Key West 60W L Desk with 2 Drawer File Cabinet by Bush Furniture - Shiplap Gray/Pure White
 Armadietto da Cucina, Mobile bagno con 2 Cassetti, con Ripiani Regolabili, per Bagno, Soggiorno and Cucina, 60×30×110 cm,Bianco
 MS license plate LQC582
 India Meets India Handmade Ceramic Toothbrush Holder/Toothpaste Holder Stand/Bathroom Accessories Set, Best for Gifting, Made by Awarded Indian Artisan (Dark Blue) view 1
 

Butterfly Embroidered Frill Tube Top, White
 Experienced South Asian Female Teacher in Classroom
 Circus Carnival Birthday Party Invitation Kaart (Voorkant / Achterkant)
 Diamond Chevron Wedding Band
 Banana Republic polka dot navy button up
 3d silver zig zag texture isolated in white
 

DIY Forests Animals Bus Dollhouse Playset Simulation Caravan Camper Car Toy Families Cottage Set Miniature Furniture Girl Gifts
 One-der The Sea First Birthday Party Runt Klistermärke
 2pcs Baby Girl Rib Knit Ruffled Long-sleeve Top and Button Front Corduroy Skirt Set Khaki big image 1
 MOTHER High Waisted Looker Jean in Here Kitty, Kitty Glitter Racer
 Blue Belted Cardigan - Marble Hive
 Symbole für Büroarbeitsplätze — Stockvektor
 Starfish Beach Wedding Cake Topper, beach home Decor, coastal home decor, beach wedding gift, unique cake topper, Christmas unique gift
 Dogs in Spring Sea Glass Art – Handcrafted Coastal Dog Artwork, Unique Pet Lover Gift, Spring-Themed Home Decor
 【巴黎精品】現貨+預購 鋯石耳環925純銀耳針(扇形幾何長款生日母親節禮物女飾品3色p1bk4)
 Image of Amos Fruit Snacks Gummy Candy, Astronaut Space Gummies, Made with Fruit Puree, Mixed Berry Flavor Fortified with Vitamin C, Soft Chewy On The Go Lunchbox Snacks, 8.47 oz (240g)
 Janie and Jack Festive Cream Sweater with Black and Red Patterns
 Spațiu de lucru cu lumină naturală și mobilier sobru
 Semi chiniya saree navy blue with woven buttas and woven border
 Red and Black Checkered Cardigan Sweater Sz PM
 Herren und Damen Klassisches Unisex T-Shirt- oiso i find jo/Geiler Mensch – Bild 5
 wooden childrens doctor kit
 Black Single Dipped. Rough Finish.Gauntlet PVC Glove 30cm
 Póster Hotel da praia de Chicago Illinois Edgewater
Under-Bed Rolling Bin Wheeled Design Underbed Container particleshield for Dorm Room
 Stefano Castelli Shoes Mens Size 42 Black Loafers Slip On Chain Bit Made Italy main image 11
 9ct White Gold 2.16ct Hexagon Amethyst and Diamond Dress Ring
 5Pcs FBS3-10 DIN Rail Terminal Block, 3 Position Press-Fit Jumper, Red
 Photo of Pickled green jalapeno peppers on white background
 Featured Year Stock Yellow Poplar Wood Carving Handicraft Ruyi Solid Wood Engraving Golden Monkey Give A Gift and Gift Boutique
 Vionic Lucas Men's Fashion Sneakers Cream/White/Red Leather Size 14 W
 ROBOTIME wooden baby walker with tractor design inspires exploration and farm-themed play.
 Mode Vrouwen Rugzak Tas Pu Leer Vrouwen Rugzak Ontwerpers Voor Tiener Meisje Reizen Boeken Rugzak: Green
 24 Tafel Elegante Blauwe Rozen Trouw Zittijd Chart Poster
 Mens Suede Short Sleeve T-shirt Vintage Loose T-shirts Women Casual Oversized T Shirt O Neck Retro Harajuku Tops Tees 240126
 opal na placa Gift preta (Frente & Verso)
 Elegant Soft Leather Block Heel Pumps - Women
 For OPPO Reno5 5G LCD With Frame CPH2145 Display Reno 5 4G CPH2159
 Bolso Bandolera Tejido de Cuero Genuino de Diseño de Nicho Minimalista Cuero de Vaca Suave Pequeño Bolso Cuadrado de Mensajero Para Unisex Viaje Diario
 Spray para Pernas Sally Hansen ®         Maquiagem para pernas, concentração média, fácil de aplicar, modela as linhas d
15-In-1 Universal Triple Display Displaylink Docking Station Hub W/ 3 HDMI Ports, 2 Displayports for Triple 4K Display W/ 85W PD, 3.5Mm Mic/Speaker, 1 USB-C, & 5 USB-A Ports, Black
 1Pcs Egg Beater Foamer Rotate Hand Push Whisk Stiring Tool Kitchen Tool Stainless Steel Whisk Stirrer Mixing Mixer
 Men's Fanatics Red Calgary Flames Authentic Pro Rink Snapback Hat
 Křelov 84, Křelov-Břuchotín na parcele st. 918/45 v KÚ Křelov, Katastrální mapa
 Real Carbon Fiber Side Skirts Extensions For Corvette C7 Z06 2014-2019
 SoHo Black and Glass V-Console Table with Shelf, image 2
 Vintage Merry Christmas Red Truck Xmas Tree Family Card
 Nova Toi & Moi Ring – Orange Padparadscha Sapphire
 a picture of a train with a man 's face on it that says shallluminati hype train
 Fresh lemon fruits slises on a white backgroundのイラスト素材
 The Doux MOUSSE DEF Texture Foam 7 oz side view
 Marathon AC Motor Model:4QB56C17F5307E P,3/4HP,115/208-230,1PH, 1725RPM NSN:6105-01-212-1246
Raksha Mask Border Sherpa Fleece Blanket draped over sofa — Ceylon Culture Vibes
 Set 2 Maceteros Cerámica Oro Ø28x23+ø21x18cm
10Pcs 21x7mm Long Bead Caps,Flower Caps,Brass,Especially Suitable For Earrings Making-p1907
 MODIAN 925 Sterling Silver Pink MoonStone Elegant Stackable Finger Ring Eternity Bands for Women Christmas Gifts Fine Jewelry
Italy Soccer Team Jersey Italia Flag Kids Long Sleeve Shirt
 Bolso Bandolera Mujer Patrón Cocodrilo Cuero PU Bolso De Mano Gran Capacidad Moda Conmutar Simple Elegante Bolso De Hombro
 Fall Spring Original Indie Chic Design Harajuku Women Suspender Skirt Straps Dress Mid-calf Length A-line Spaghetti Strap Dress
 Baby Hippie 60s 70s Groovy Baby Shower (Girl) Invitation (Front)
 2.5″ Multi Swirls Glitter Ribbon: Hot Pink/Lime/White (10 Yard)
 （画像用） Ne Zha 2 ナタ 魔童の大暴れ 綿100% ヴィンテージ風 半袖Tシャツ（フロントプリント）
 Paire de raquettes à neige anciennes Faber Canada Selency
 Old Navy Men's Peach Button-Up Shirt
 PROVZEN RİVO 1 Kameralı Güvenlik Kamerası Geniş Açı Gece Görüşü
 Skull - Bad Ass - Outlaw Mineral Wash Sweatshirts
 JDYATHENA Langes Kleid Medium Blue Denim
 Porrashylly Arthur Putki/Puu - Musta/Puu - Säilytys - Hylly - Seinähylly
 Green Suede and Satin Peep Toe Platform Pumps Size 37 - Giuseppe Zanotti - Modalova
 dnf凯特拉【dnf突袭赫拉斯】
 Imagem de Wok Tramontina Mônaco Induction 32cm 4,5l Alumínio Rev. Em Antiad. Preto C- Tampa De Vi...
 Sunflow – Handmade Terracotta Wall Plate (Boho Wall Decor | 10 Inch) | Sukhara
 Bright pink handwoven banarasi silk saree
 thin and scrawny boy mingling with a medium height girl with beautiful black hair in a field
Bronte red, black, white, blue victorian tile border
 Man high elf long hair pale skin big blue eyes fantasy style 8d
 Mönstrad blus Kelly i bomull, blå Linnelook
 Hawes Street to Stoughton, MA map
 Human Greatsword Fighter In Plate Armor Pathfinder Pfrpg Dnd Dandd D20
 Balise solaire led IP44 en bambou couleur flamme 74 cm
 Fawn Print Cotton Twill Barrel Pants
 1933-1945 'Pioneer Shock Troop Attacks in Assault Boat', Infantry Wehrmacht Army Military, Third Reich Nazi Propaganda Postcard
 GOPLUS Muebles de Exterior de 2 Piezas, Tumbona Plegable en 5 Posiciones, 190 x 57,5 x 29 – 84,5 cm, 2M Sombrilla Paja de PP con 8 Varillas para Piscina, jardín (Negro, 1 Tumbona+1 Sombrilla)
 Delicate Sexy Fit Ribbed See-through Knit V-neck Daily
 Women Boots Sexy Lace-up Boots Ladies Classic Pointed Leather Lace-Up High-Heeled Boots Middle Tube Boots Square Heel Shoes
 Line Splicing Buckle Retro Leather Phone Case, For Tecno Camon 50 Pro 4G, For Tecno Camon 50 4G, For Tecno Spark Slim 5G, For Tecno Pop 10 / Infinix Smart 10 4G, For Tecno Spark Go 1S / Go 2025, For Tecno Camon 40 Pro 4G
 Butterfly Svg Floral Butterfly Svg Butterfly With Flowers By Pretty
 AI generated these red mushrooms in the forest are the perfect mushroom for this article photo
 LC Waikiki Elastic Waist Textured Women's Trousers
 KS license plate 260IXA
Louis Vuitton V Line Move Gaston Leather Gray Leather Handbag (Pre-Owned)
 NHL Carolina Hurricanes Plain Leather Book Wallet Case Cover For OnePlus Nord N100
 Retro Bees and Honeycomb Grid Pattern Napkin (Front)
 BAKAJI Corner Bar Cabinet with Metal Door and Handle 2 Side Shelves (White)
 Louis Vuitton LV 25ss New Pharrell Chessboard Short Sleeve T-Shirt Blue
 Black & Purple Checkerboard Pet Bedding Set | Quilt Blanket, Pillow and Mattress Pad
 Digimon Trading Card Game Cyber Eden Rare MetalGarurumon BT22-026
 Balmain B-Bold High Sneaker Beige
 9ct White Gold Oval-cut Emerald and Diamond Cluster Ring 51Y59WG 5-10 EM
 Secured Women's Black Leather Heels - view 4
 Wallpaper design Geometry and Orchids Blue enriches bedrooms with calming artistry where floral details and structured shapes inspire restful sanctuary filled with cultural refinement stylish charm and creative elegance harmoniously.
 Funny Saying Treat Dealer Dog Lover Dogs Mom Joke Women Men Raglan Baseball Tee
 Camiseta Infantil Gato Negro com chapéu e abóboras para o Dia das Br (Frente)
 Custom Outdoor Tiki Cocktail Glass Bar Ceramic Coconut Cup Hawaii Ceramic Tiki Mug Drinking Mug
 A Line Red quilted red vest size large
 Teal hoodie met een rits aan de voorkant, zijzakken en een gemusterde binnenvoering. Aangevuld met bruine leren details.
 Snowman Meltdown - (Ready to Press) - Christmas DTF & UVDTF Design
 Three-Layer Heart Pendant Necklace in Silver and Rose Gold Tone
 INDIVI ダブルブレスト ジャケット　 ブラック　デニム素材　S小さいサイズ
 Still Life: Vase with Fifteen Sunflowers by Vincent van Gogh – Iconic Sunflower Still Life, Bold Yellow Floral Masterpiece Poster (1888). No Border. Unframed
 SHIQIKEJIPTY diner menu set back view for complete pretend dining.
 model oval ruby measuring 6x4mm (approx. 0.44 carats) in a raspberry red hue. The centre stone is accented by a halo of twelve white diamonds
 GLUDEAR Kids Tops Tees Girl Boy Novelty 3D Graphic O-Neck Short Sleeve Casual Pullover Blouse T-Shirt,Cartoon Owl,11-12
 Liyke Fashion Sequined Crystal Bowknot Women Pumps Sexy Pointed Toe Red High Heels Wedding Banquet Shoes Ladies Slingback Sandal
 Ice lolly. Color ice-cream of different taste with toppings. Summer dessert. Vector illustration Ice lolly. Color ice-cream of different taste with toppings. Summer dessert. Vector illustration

====================

_EXERCISE INSTRUCTIONS_
State how many lines of the material above contain the word "wooden". Say nothing else.

_EXPECTED ANSWER_
2